Using a cheaper model for compaction

Compaction (context summarisation) defaults to the session model. You can point it at a cheaper, faster model to save cost:

from mnesis import MnesisSession, MnesisConfig, CompactionConfig

config = MnesisConfig(
    compaction=CompactionConfig(
        compaction_model="openai/gpt-4o-mini",
    )
)
session = await MnesisSession.create(model="openai/gpt-4o", config=config)

Passing extra litellm parameters

For provider-specific options (custom api_base, extra headers for OpenRouter, etc.), configure litellm globally before creating a session:

import litellm

litellm.api_base = "https://my-proxy.example.com"
litellm.headers = {"X-Custom-Header": "value"}

See the litellm provider docs for the full list of supported providers and their options.
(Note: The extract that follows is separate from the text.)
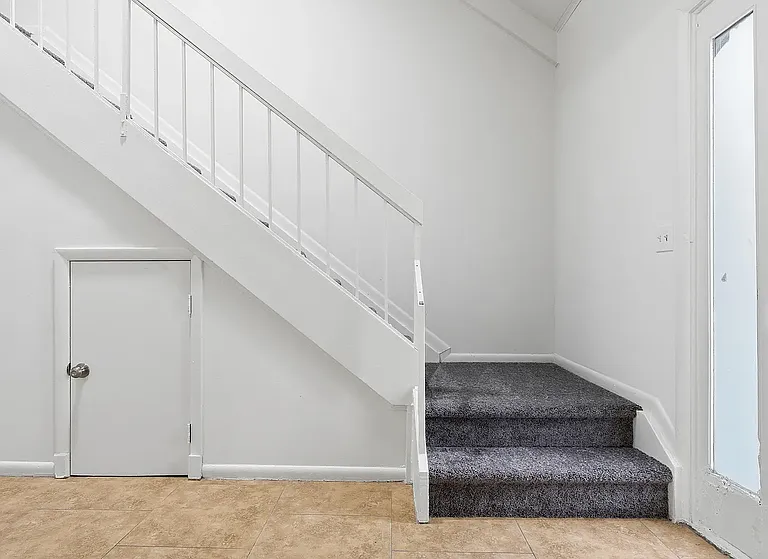 307 Cutty Ct — Photo 20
Custom or fine-tuned models

For models that litellm does not recognise — including fine-tuned variants, private deployments, or newly released models with unknown context limits — use MnesisConfig.model_overrides to supply the correct limits:

from mnesis import MnesisSession, MnesisConfig

config = MnesisConfig(
    model_overrides={
        "context_limit": 128_000,
        "max_output_tokens": 16_384,
    }
)

session = await MnesisSession.create(model="openai/acme-support-ft-v1", config=config)
result = await session.send("Hello!")

Both context_limit and max_output_tokens affect the compaction budget, so setting them accurately ensures Mnesis neither over-compacts nor sends an over-limit context to the provider. See Configuration — model_overrides for the full field reference.

Prefer your own SDK?

If you want to use the Anthropic, OpenAI, or another SDK directly for LLM calls, see BYO-LLM — mnesis can act as a pure memory/compaction layer without routing calls through litellm at all.